Все это было и теперь перед моими глазами. Когда мы нанимали нашу квартиру в 7-й роте, меня поразил вид из окон, выходивших на сторону, противоположную улице. Там был огромный пустырь с какими-то длинными непонятными погребами, обросшими высокой травой, а позади стояла глухая, дикого цвета стена, тоже черная, самая печальная и трагическая, какую можно себе представить, с пятнами сырости, облупленная и с одним лишь маленьким, подслеповатым оконцем. Пустынная стена притягивала меня к себе неудержимо. Я гадал — что притаилось з а этой стеной, где лишь изредка теплился тусклый огонек в единственном окошке? Невольно я все время думал о Достоевском — он снова стал теперь в Петербурге занимать мои мысли, и эта стена мне начинала казаться жилищем какого-то безвестного Макара Девушкина, в реальность которого я стал даже верить.

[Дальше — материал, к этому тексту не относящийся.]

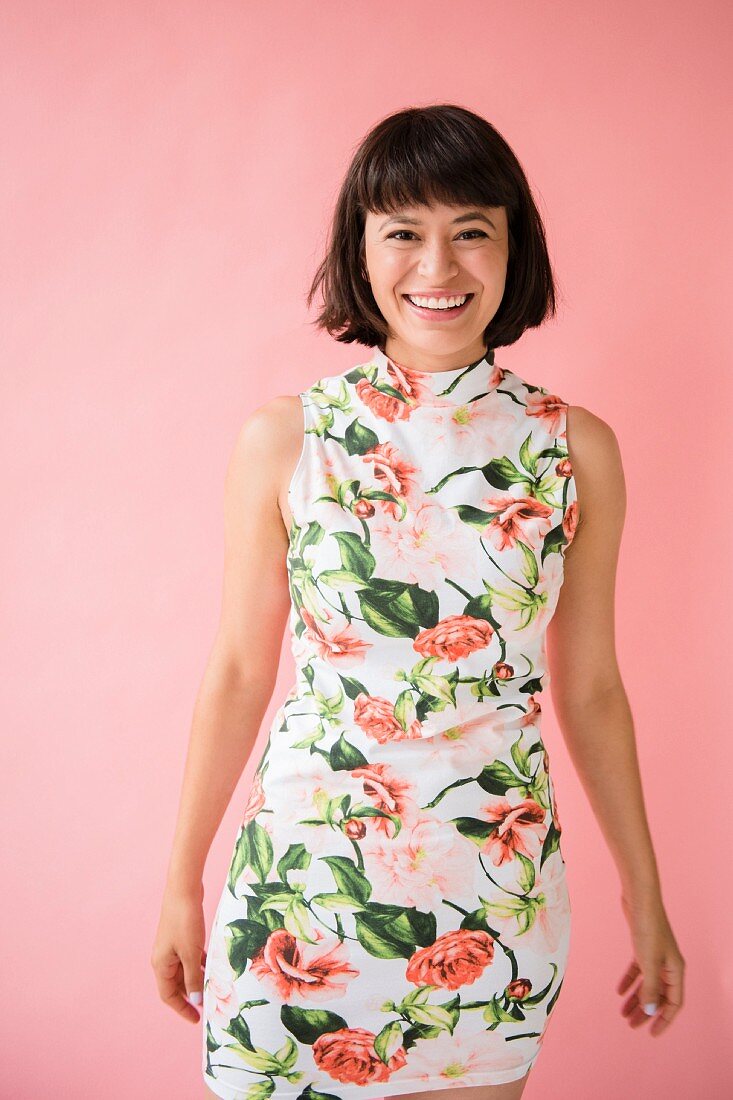 A young brunette woman wearing a short floral dress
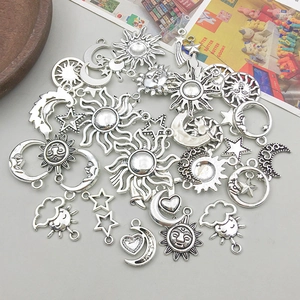 Antique silver celestial alloy pendants featuring sun moon and star motifs for DIY jewelry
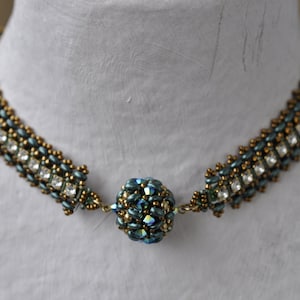 May include: A gold and blue beaded necklace with a large, round, blue and gold bead in the center.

Это становилось почти кошмаром. Но во мне победил художник. Я почувствовал неодолимую потребность эту страшную стену изобразить, и с величайшим волнением и пристально, с напряженным вниманием, со всеми ее трещинами и лишаями ее и запечатлел, уже любуясь ею.. . и она перестала меня угнетать. Я что-то преодолел, и эта пастель была первым моим настоящим творческим произведением. Меня и теперь удивляет, почему меня привлекала эта сторона Петербурга, а не его красота, которую я так любил с детства и продолжал любить уже сознательно; меня больше в ту пору пленяли эти далекие от «красивости» черты Петербурга.

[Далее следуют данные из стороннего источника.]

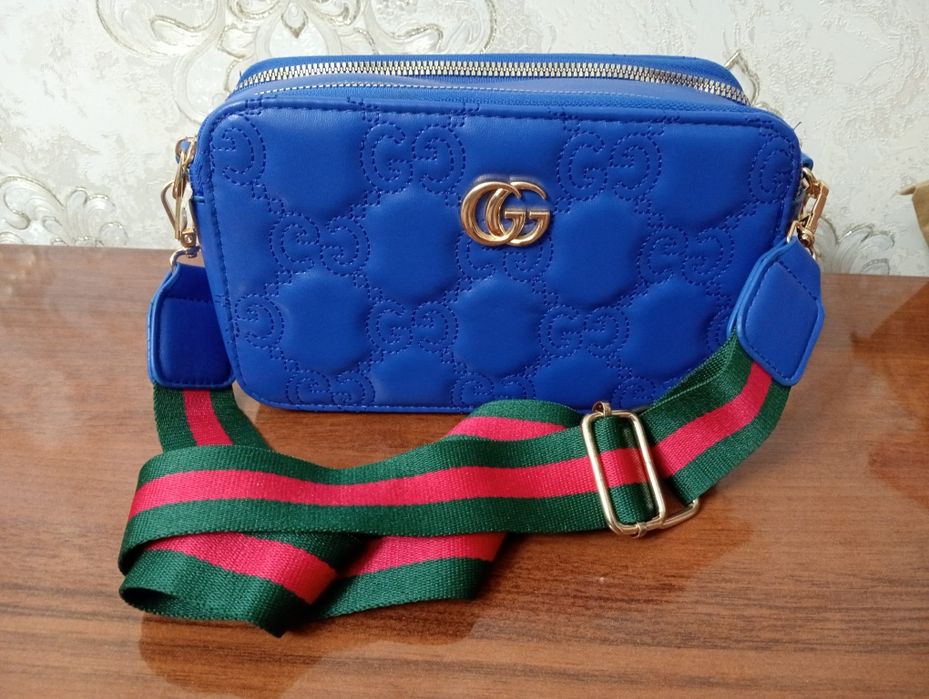 Клатч "Burberry", "Gucci".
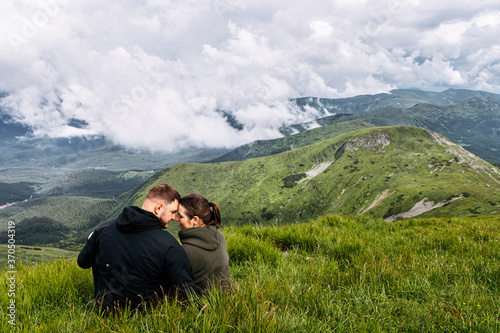 Couple in love is hiking in mountains. A man and a woman sit on the top of a mountain and hugging with a scenic nature view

Я продолжал рисовать «мой» Петербург для себя, и может быть, и естественно для моих настроений того времени, что мой вкус останавливался тогда на формах таких простых и даже суровых, лишенных всякой «красивости», как та стена. И все больше и больше меня влекло изображать графически сам по себе четкий и геометрический Петербург. Ничто не мешало мне сосредоточиваться в те свободные часы, когда я с жадностью торопился рисовать. Моя семейная жизнь с ее уютом давала мне полное равновесие и душевный покой Я не думал, конечно, ни о каких выставках, то, что я делал, было мое заветное, я рисовал для себя самого, да вначале я и не знал никого, кому бы хотелось показать, что я делаю. Первые петербургские рисунки я редко делал непосредственно с натуры — только когда рисовал из окна. На улицах же я делал небольшие наброски в маленький альбом или на кусочках бумаги в самых общих чертах. Записывал и краски и разрабатывал эти эскизы дома по памяти, но часто возвращался на те же места со своим рисунком, чтобы все проверить. Иногда же, упражняя память, старался на месте все запомнить и рисовал уже дома «от себя». В Петербурге я долгое время стеснялся рисовать на улицах и делал, точно контрабандой, мои поспешные зарисовки.